> **TASK DESCRIPTION**:
The answer is the data repeated in full, with no pictures included.

(Captioned web image data)
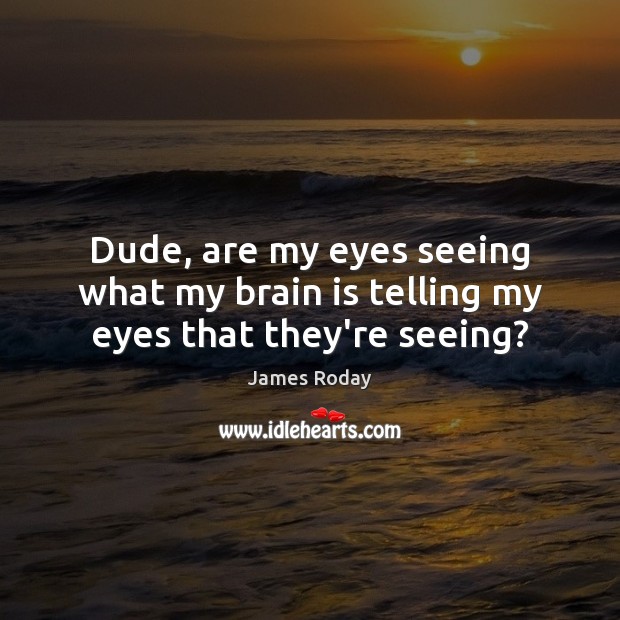 Dude, are my eyes seeing what my brain is telling my eyes that they’re seeing? James Roday Picture Quote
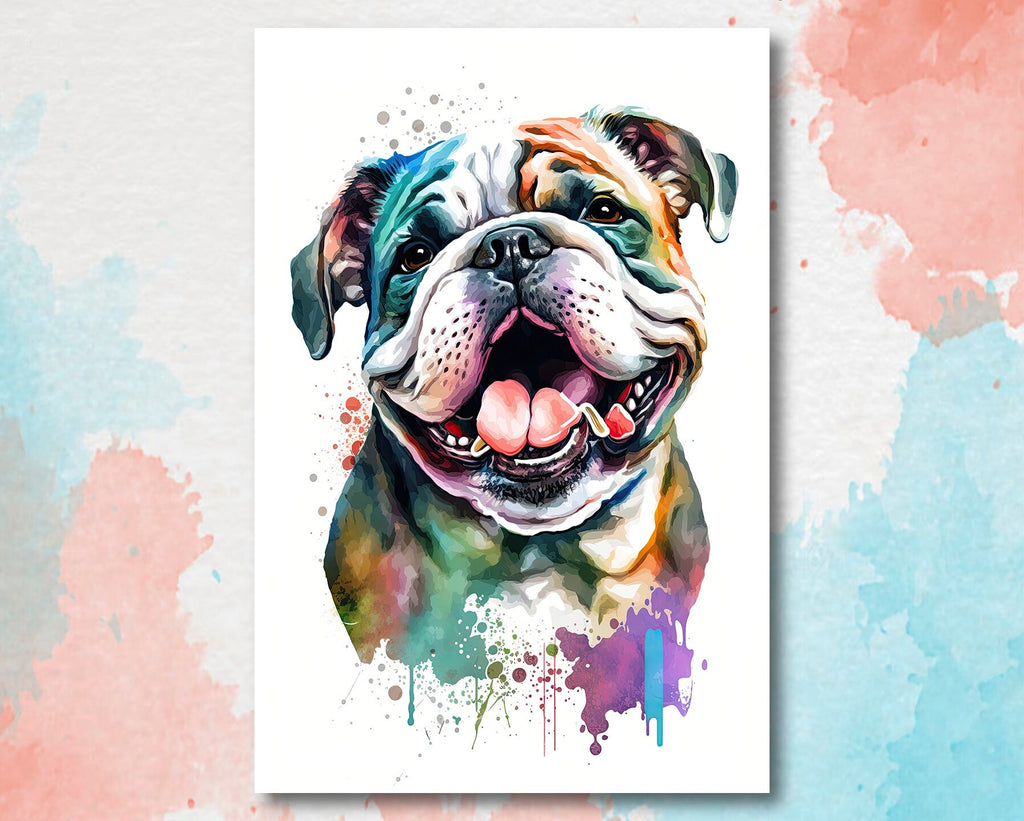 English Bulldog Art Pet Portrait Print Cute Pet Keepsake Dog Wall Art Gift For Pet Lovers Dog Portrait Decor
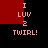 Pixelated text 'I LUV 2 TWIRL!' in light red on black background with red rectangular blocks, two identical static frames shown side-by-side.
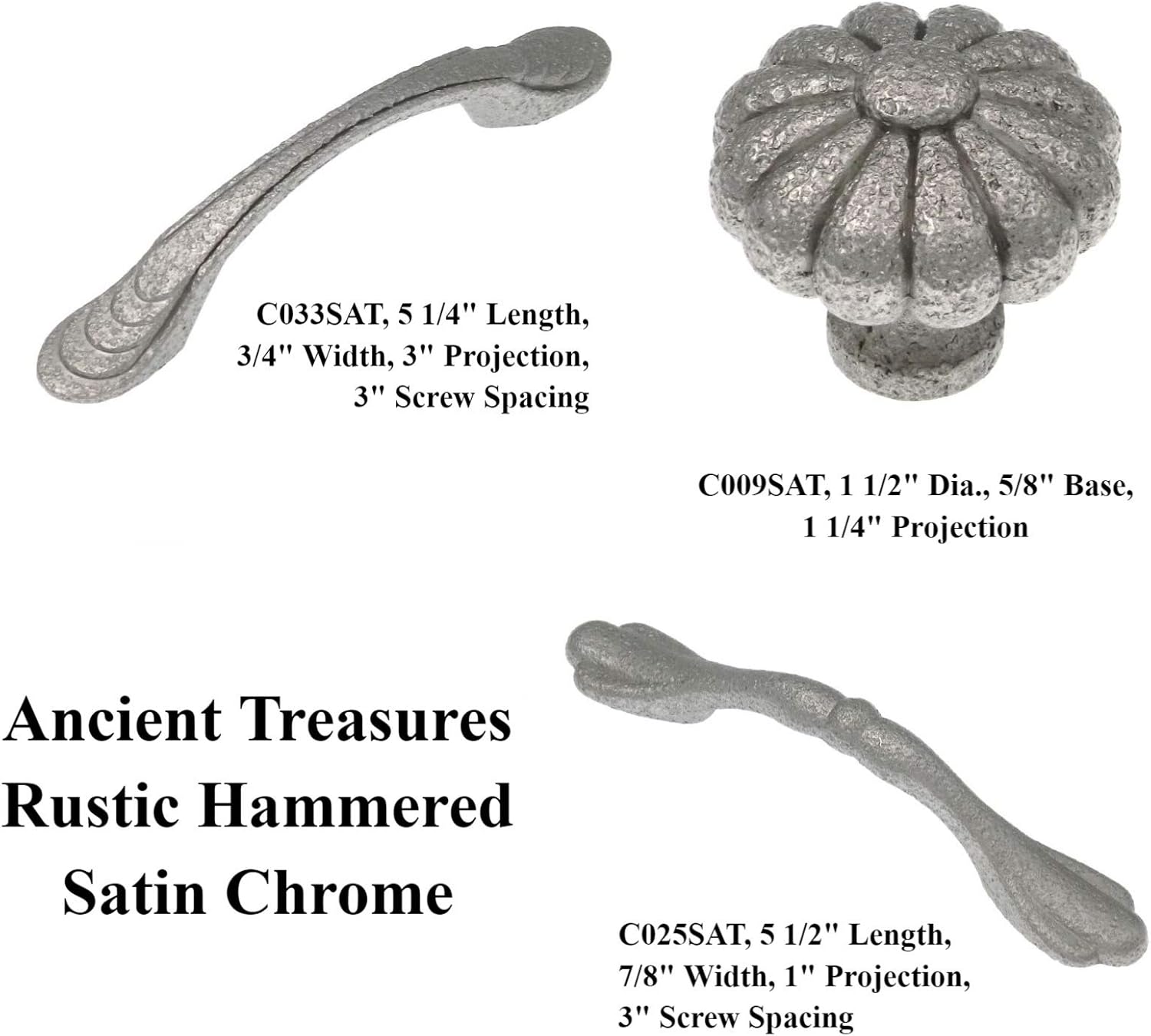 20 Pack of Ancient Treasures Rustic Hammered C033SAT Satin Chrome 3" cc Arch Pull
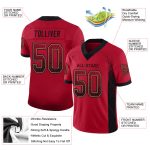 Personalized Red Black-Old Gold Mesh Drift Fashion Football Jersey Team Custom Name and Number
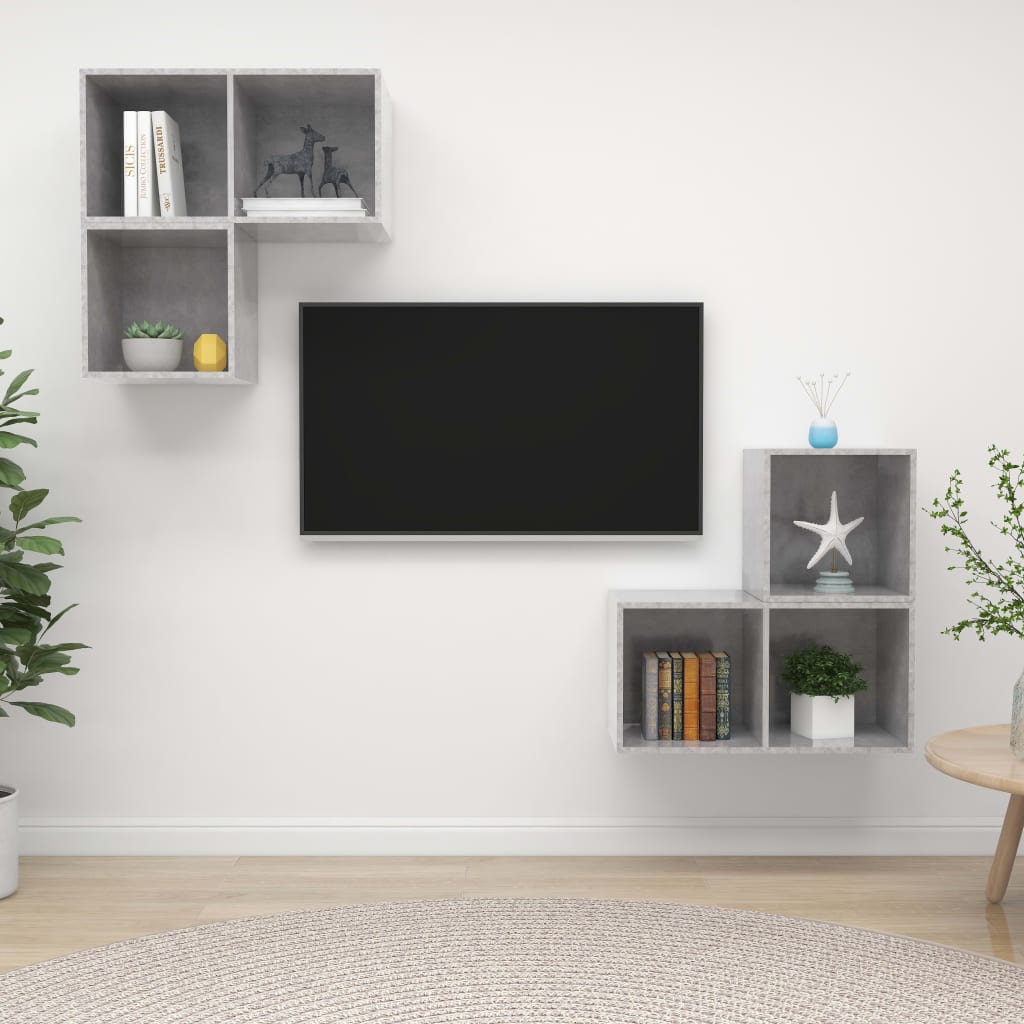 Conjunto De Mueble De Tv 4 Pcs Roble Artesanal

> **RESULT FOR THIS EXERCISE**:
 Dude, are my eyes seeing what my brain is telling my eyes that they’re seeing? James Roday Picture Quote
 English Bulldog Art Pet Portrait Print Cute Pet Keepsake Dog Wall Art Gift For Pet Lovers Dog Portrait Decor
 Pixelated text 'I LUV 2 TWIRL!' in light red on black background with red rectangular blocks, two identical static frames shown side-by-side.
 20 Pack of Ancient Treasures Rustic Hammered C033SAT Satin Chrome 3" cc Arch Pull
 Personalized Red Black-Old Gold Mesh Drift Fashion Football Jersey Team Custom Name and Number
 Conjunto De Mueble De Tv 4 Pcs Roble Artesanal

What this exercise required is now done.